#### [TASK BRIEF]
Please reproduce the entries exactly, skipping each picture.

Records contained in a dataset
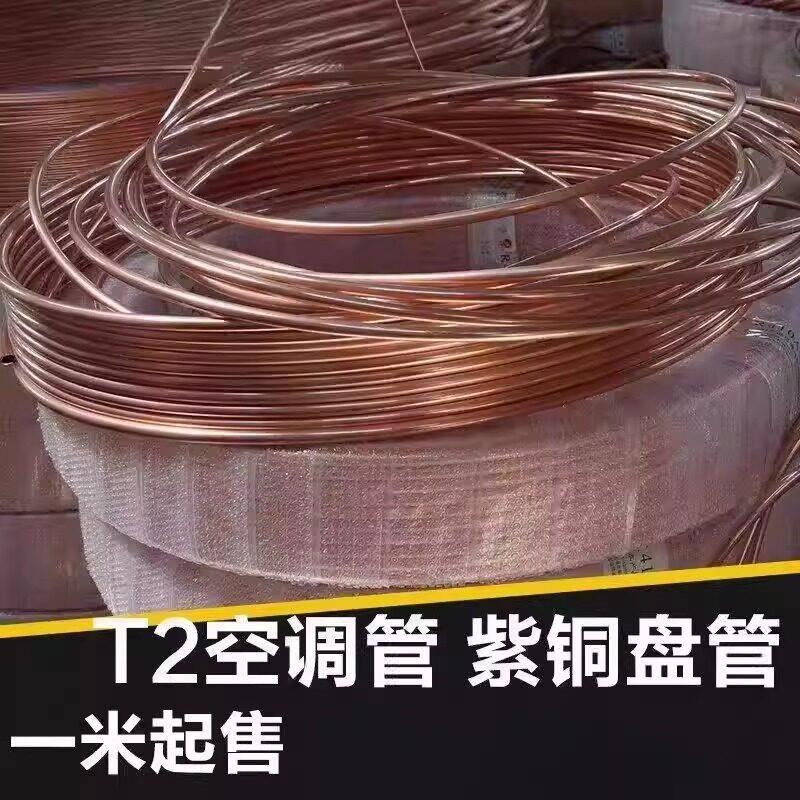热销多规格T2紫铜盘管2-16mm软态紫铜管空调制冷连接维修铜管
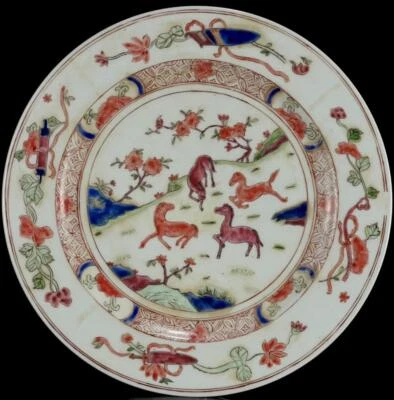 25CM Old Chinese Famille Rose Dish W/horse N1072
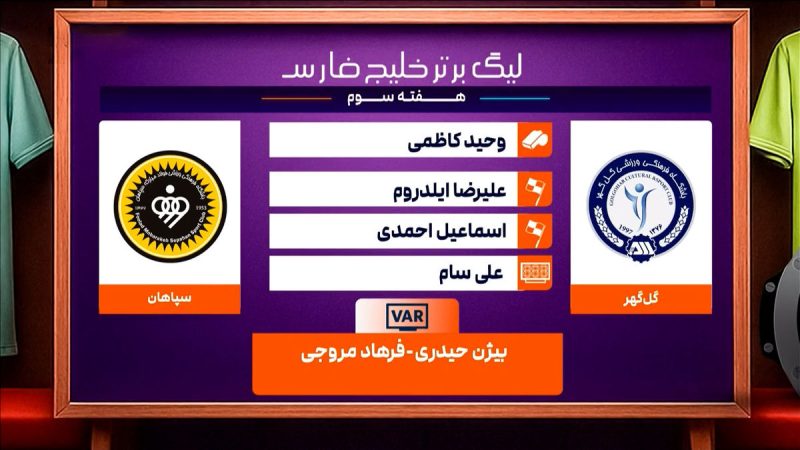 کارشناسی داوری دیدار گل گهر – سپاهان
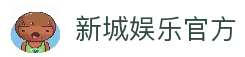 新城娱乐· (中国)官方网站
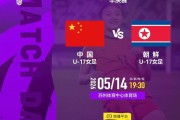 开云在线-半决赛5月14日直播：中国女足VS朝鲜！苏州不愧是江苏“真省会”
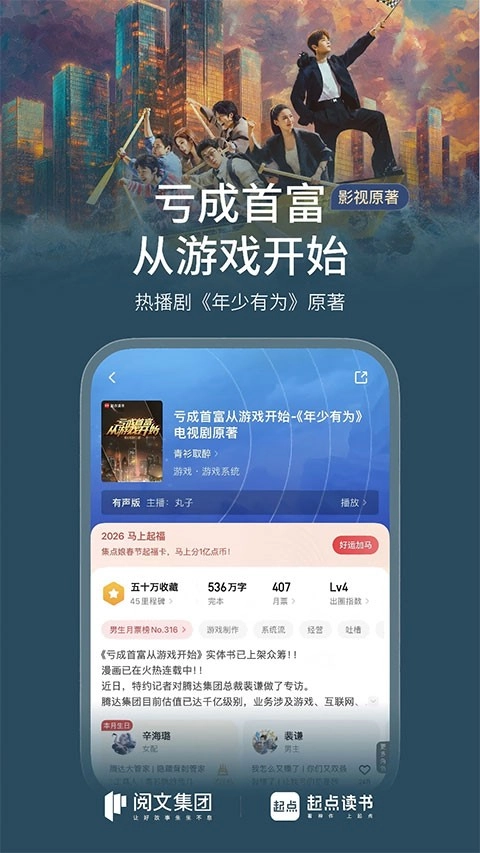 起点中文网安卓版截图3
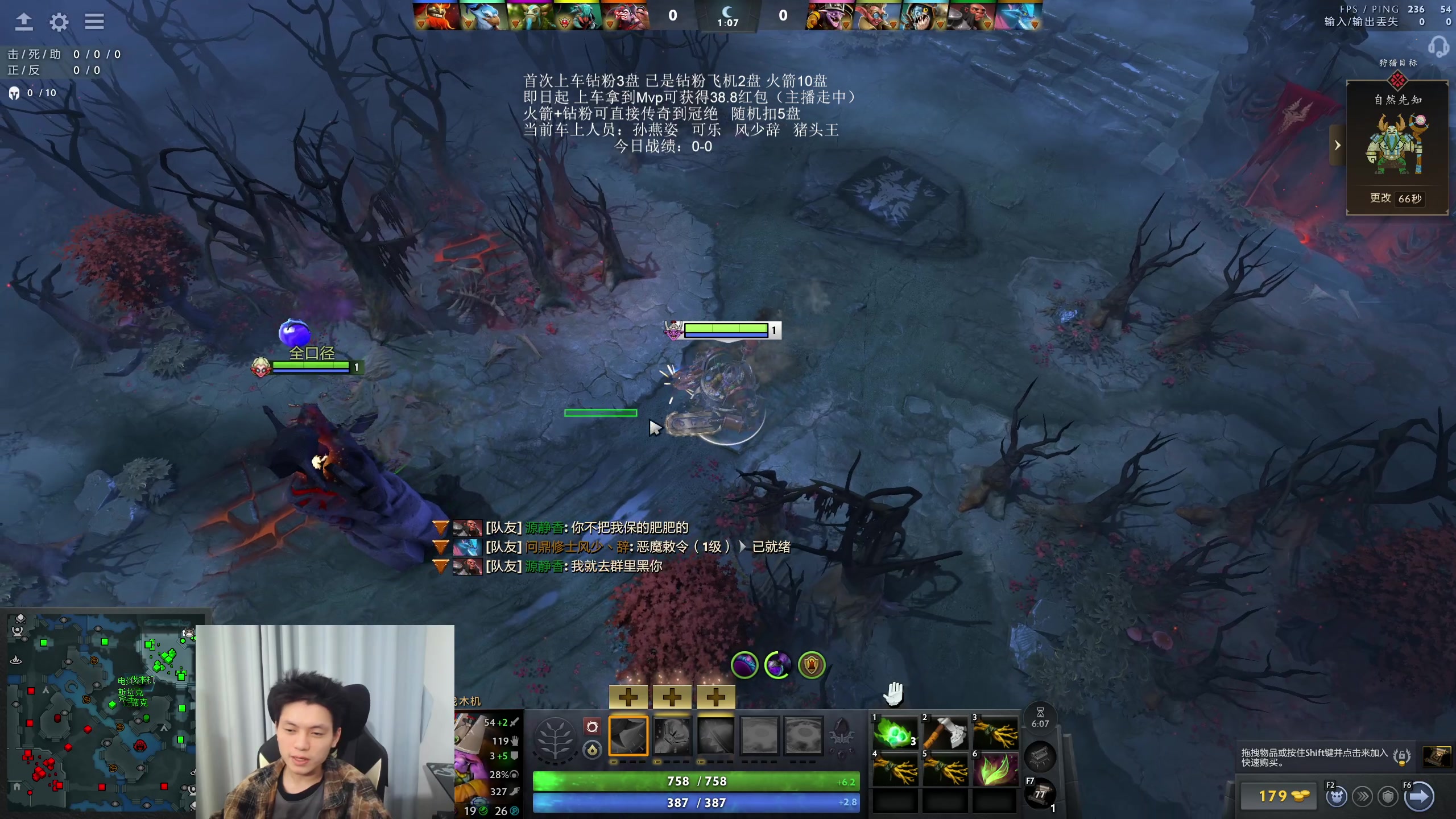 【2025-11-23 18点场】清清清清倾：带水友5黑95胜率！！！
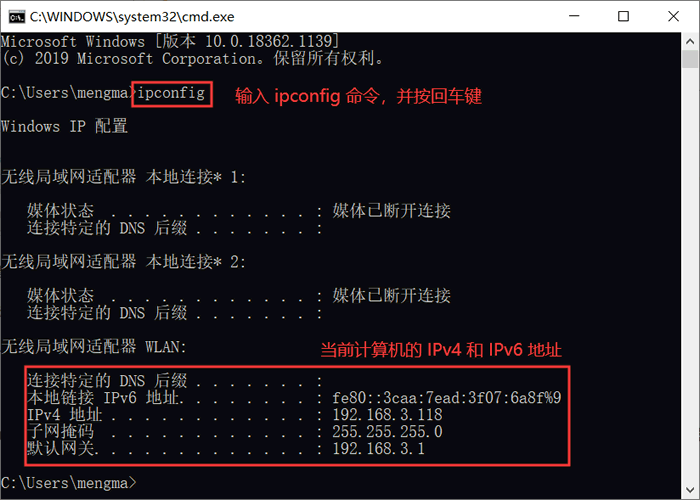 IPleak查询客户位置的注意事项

#### [RESULT FOR THIS TASK]
热销多规格T2紫铜盘管2-16mm软态紫铜管空调制冷连接维修铜管
 25CM Old Chinese Famille Rose Dish W/horse N1072
 کارشناسی داوری دیدار گل گهر – سپاهان
 新城娱乐· (中国)官方网站
 开云在线-半决赛5月14日直播：中国女足VS朝鲜！苏州不愧是江苏“真省会”
 起点中文网安卓版截图3
 【2025-11-23 18点场】清清清清倾：带水友5黑95胜率！！！
 IPleak查询客户位置的注意事项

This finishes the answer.